- COLLECTED DATA -

______________________________

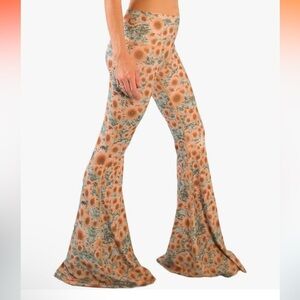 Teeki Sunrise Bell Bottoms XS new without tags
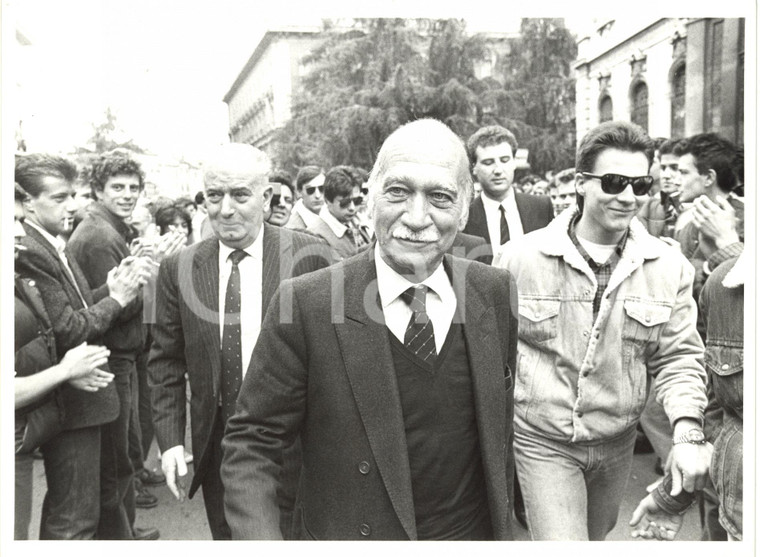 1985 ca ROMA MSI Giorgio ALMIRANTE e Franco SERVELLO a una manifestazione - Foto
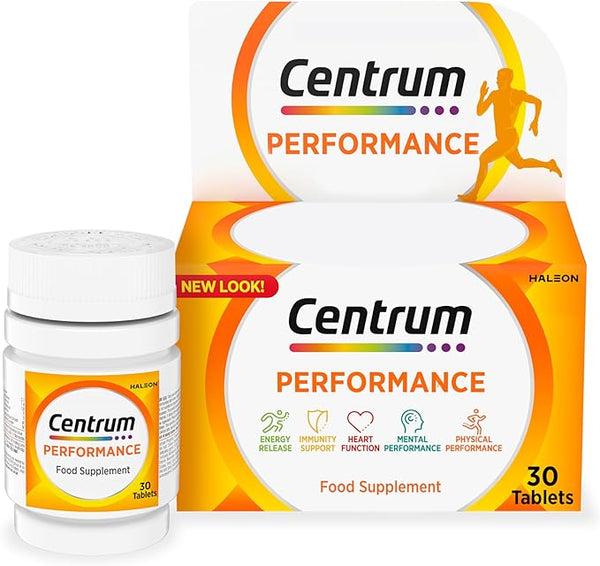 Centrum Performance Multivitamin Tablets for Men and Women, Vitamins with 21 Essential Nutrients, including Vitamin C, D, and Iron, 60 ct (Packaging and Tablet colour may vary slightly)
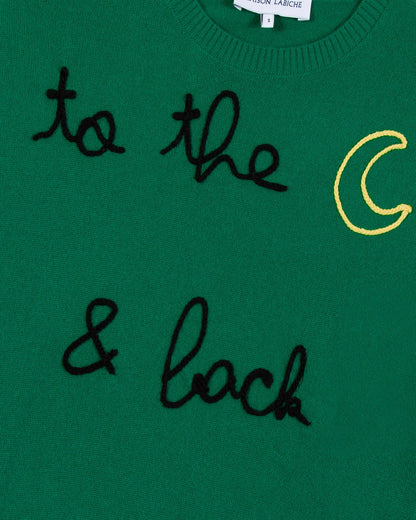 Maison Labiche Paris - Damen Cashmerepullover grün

______________________________

- REQUIRED WORK -
Skip every picture, and give the rest of the material above again exactly.

- THE COMPLETED TASK -
 Teeki Sunrise Bell Bottoms XS new without tags
 1985 ca ROMA MSI Giorgio ALMIRANTE e Franco SERVELLO a una manifestazione - Foto
 Centrum Performance Multivitamin Tablets for Men and Women, Vitamins with 21 Essential Nutrients, including Vitamin C, D, and Iron, 60 ct (Packaging and Tablet colour may vary slightly)
 Maison Labiche Paris - Damen Cashmerepullover grün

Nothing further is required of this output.